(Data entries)
════════

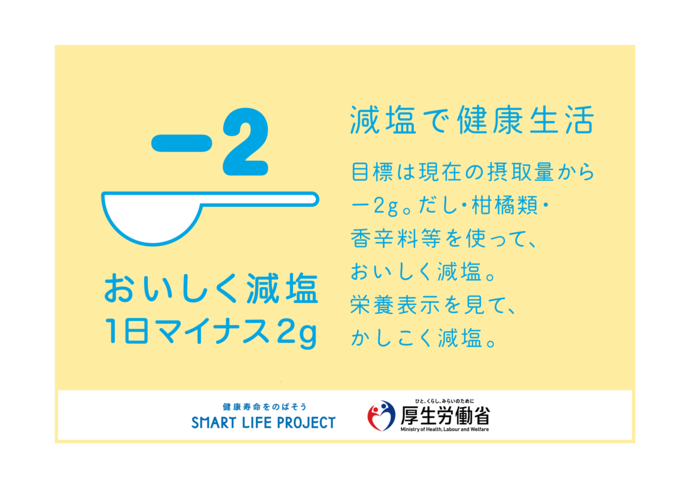 （画像）おいしく減塩1日マイナス2グラム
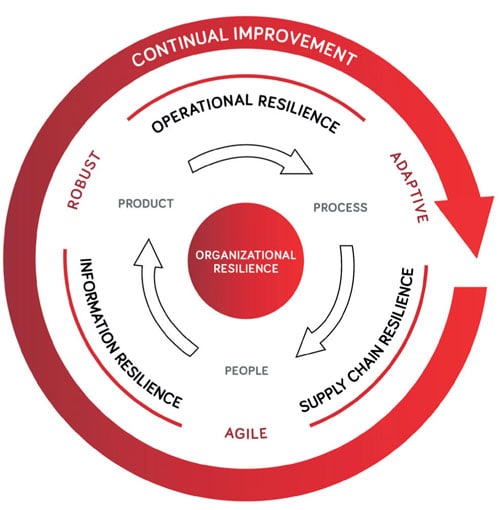 Organizational resilience model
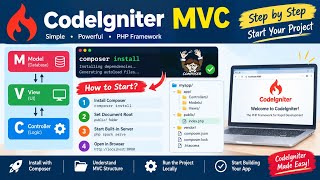 Codeigniter (MVC framework of PHP) install and Controller and view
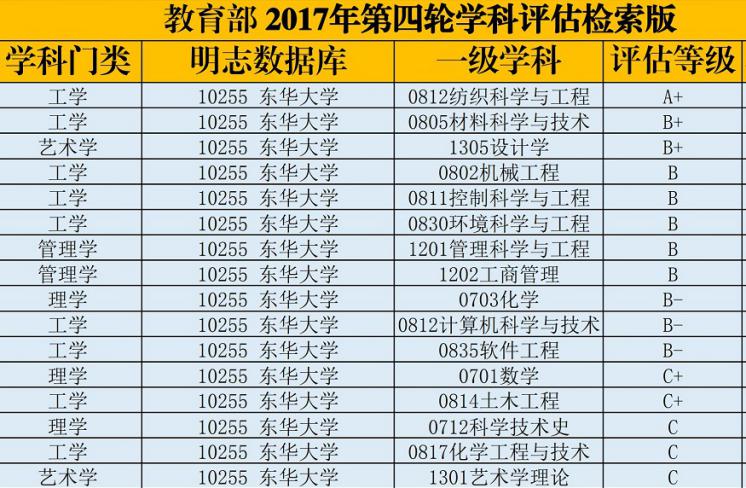 东华大学优势专业,东华大学优势学科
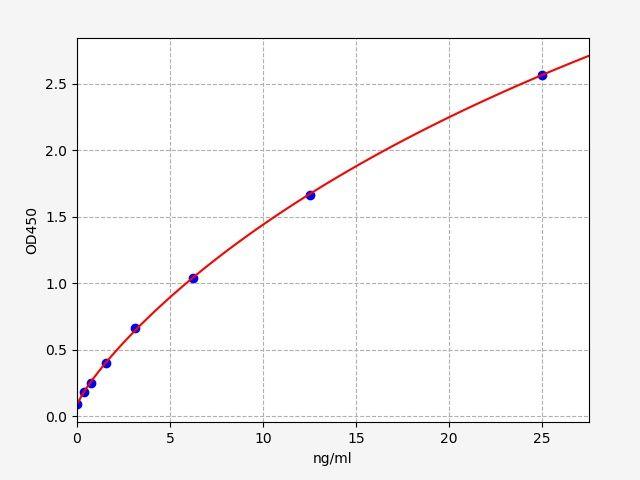 Human SERPINE1(Plasminogen activator inhibitor 1) ELISA Kit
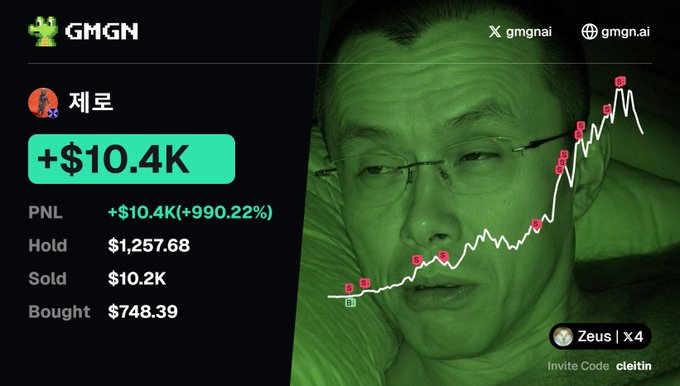 A GMGN dashboard showing a user '제로' with +$10.4K PNL (+990.22%), featuring a green-tinted face of a man overlaid with an upward trending price chart, labeled 'Zeus | X4' with invite code 'cleitin'.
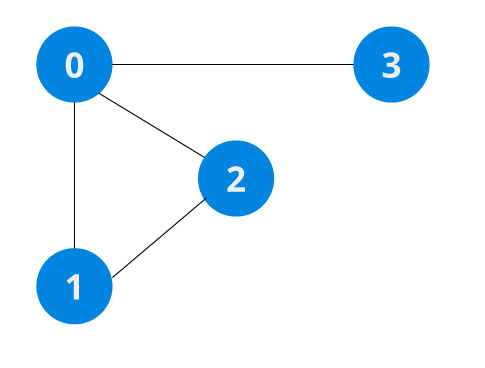 a graph contains vertices that are like points and edges that connect the points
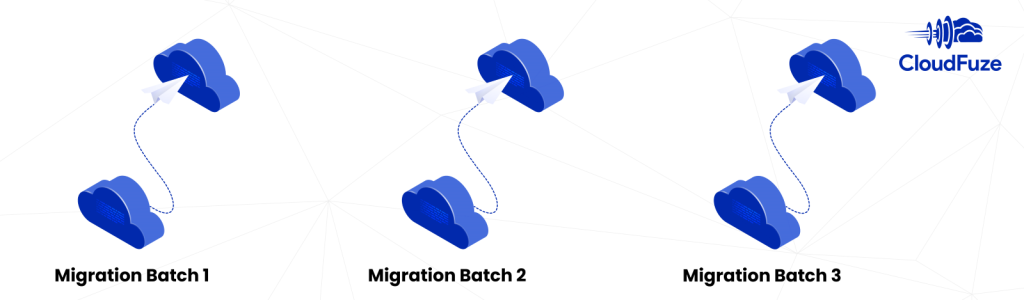 User migration batches 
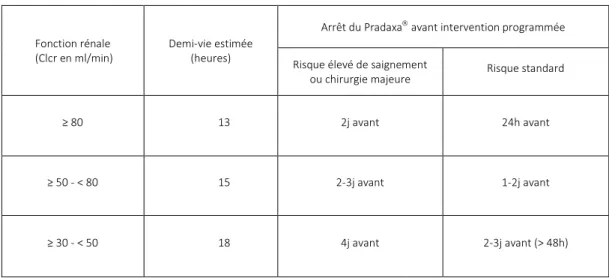 Tableau 3 Règles d'arrêt du dabigatran en cas de chirurgie ou actes invasifs programmés 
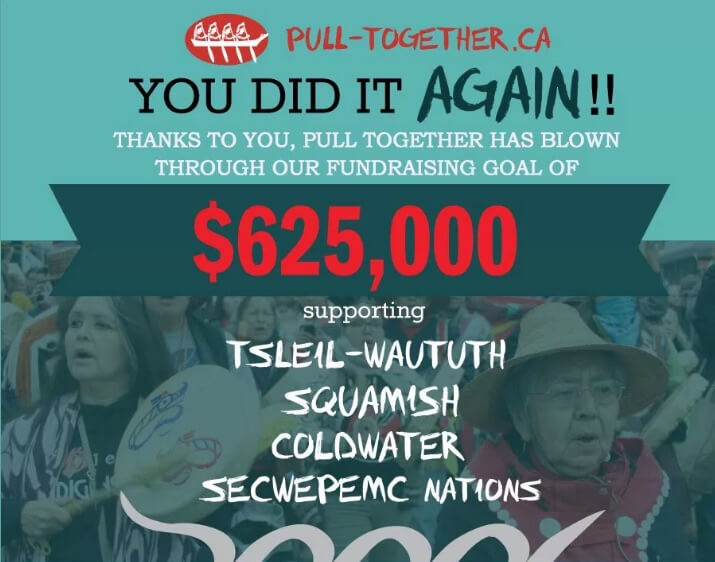 You did it, AGAIN!! Fundraising goal achieved!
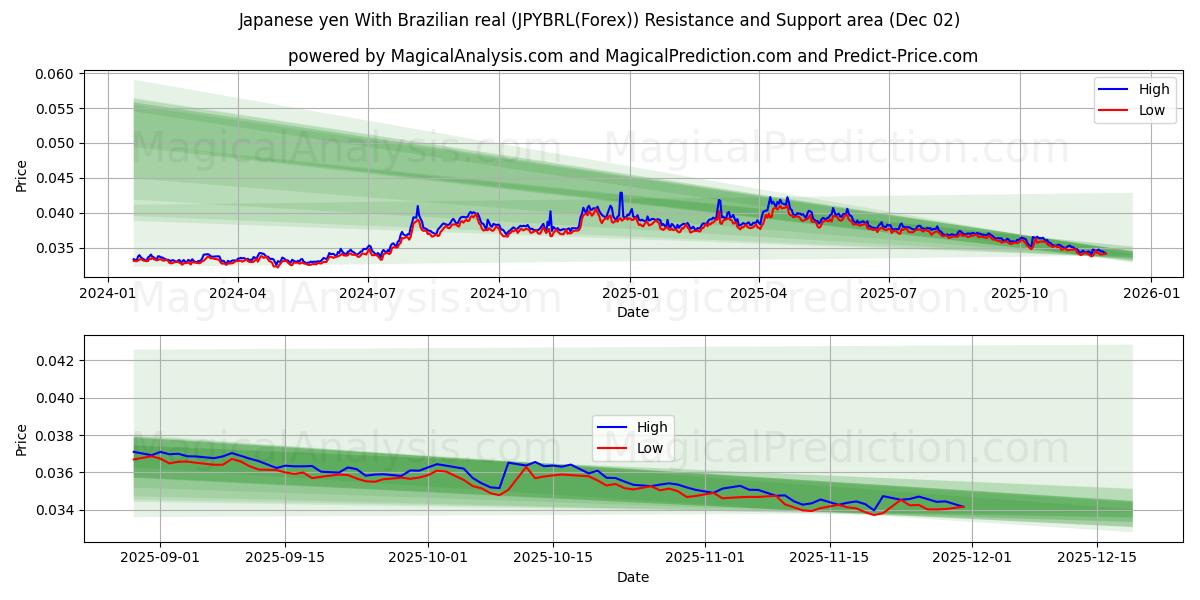  Iene japonês Com real brasileiro (JPYBRL(Forex)) Support and Resistance area (01 Dec) 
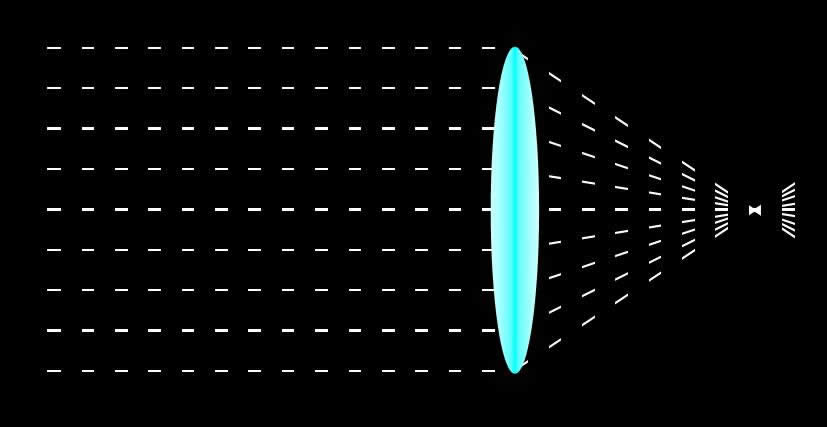 ����WPS��ʾ�о�͹͸���Թ��ߵĻ��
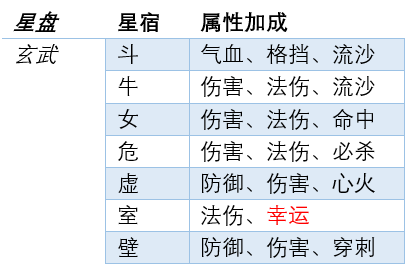 《梦幻西游网页版》新飞升系统之二十八星篇，性价比真的杠杠滴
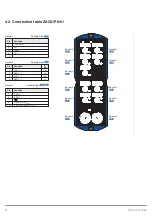 Preview for 6 page of Wenglor ZAC5 PN0 Series Operating Instructions Manual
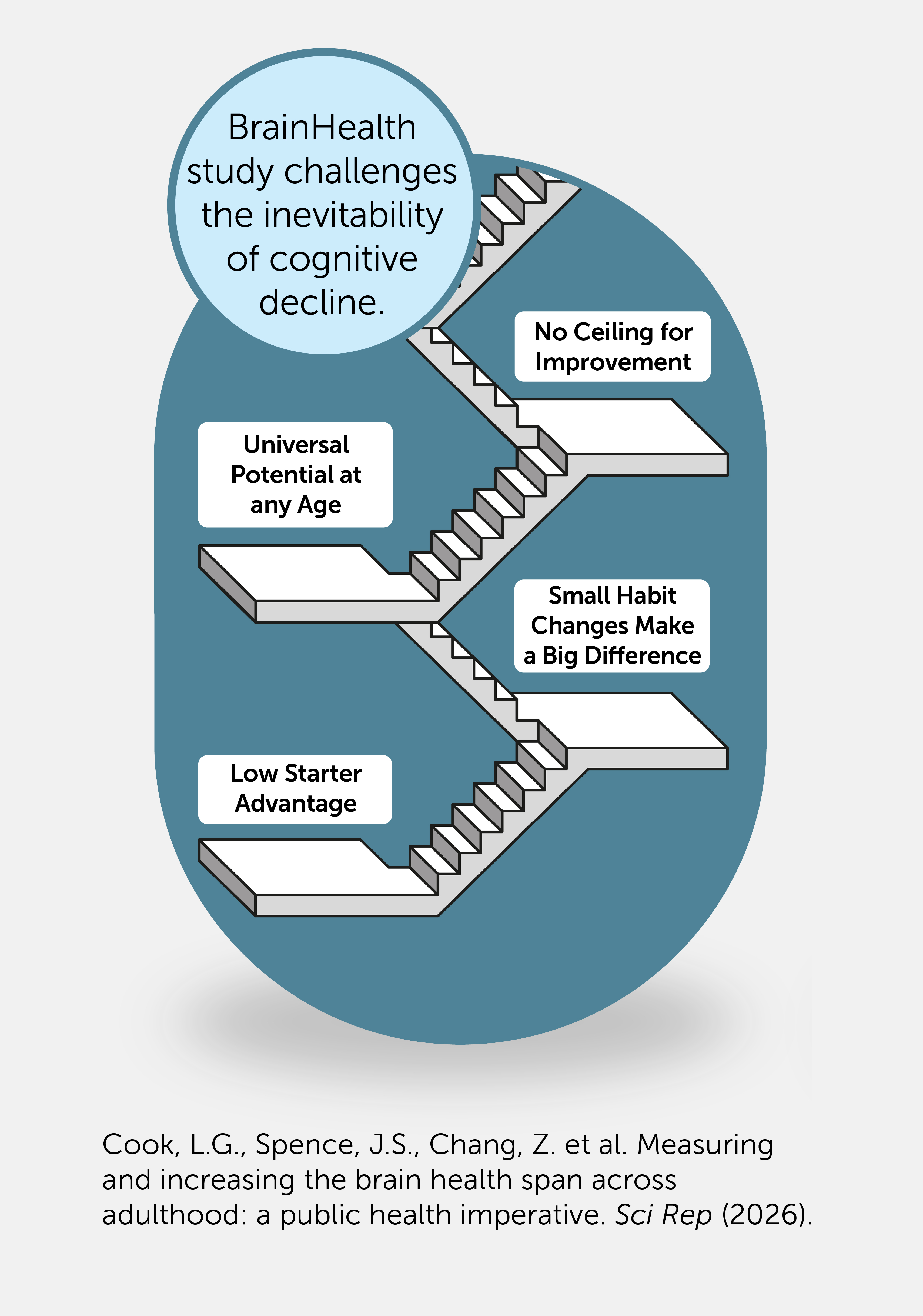 Infographic with ascending stairs illustrating BrainHealth study findings: Low Starter Advantage, Small Habit Changes, Universal Potential, No Ceiling for Improvement.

════════

> _WHAT THE TASK ASKS_: Copy every record above exactly, leaving out any pictures.

> _TASK RESPONSE_:
 （画像）おいしく減塩1日マイナス2グラム
 Organizational resilience model
 Codeigniter (MVC framework of PHP) install and Controller and view
 东华大学优势专业,东华大学优势学科
 Human SERPINE1(Plasminogen activator inhibitor 1) ELISA Kit
 A GMGN dashboard showing a user '제로' with +$10.4K PNL (+990.22%), featuring a green-tinted face of a man overlaid with an upward trending price chart, labeled 'Zeus | X4' with invite code 'cleitin'.
 a graph contains vertices that are like points and edges that connect the points
 User migration batches 
 Tableau 3 Règles d'arrêt du dabigatran en cas de chirurgie ou actes invasifs programmés 
 You did it, AGAIN!! Fundraising goal achieved!
  Iene japonês Com real brasileiro (JPYBRL(Forex)) Support and Resistance area (01 Dec) 
 ����WPS��ʾ�о�͹͸���Թ��ߵĻ��
 《梦幻西游网页版》新飞升系统之二十八星篇，性价比真的杠杠滴
 Preview for 6 page of Wenglor ZAC5 PN0 Series Operating Instructions Manual
 Infographic with ascending stairs illustrating BrainHealth study findings: Low Starter Advantage, Small Habit Changes, Universal Potential, No Ceiling for Improvement.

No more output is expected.